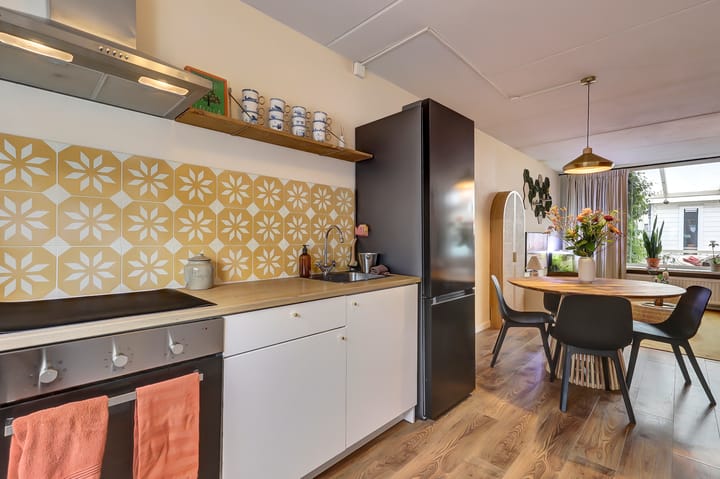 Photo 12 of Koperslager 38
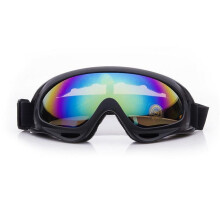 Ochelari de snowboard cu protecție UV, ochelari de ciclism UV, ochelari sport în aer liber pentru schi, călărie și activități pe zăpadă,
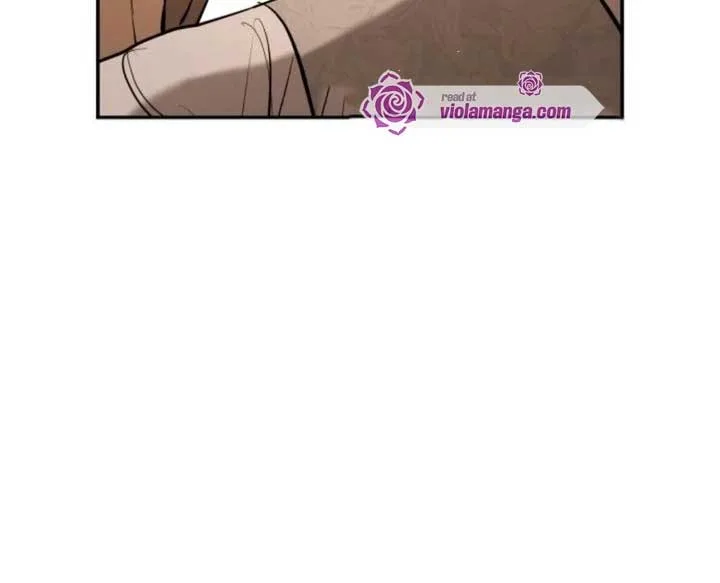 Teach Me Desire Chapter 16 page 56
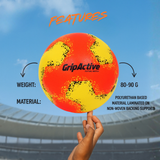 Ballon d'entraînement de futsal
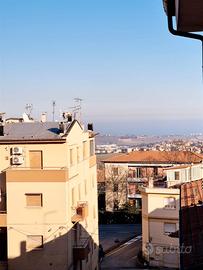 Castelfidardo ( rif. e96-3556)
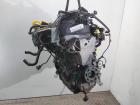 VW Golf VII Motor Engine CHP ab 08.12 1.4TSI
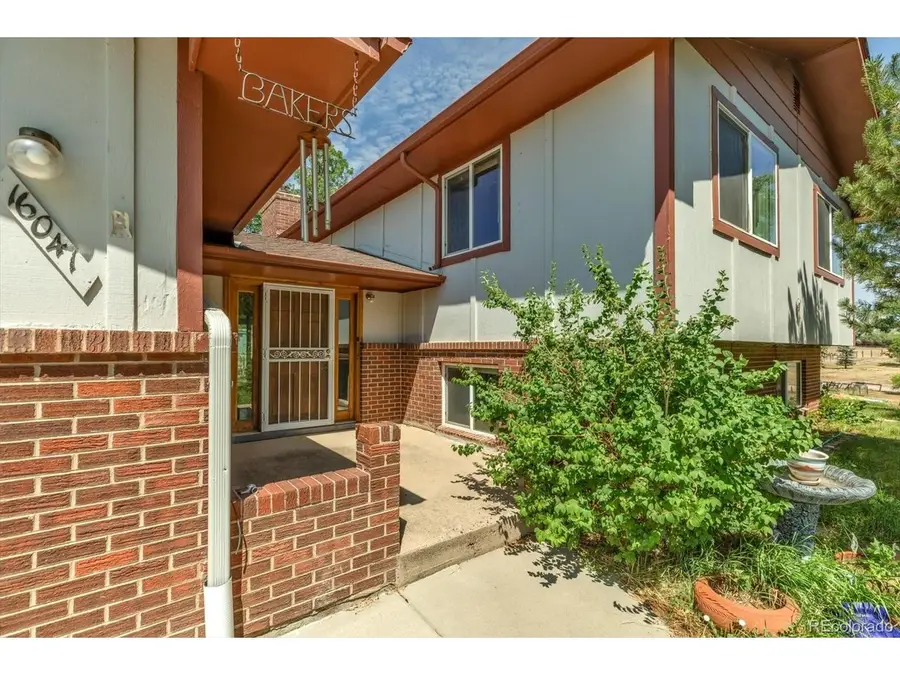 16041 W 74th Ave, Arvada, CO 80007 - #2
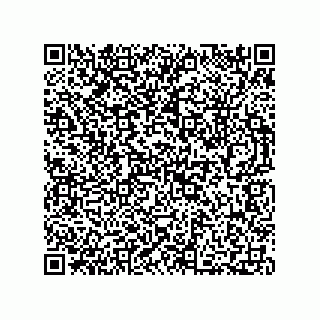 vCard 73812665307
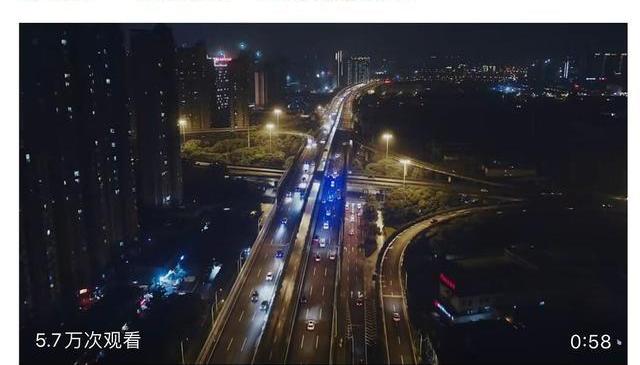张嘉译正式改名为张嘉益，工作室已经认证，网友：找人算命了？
☆ ☆ ☆
◆ Work request: Retype the records verbatim, but not their images.

◆ Response to this exercise:
 Photo 12 of Koperslager 38
 Ochelari de snowboard cu protecție UV, ochelari de ciclism UV, ochelari sport în aer liber pentru schi, călărie și activități pe zăpadă,
 Teach Me Desire Chapter 16 page 56
 Ballon d'entraînement de futsal
 Castelfidardo ( rif. e96-3556)
 VW Golf VII Motor Engine CHP ab 08.12 1.4TSI
 16041 W 74th Ave, Arvada, CO 80007 - #2
 vCard 73812665307
张嘉译正式改名为张嘉益，工作室已经认证，网友：找人算命了？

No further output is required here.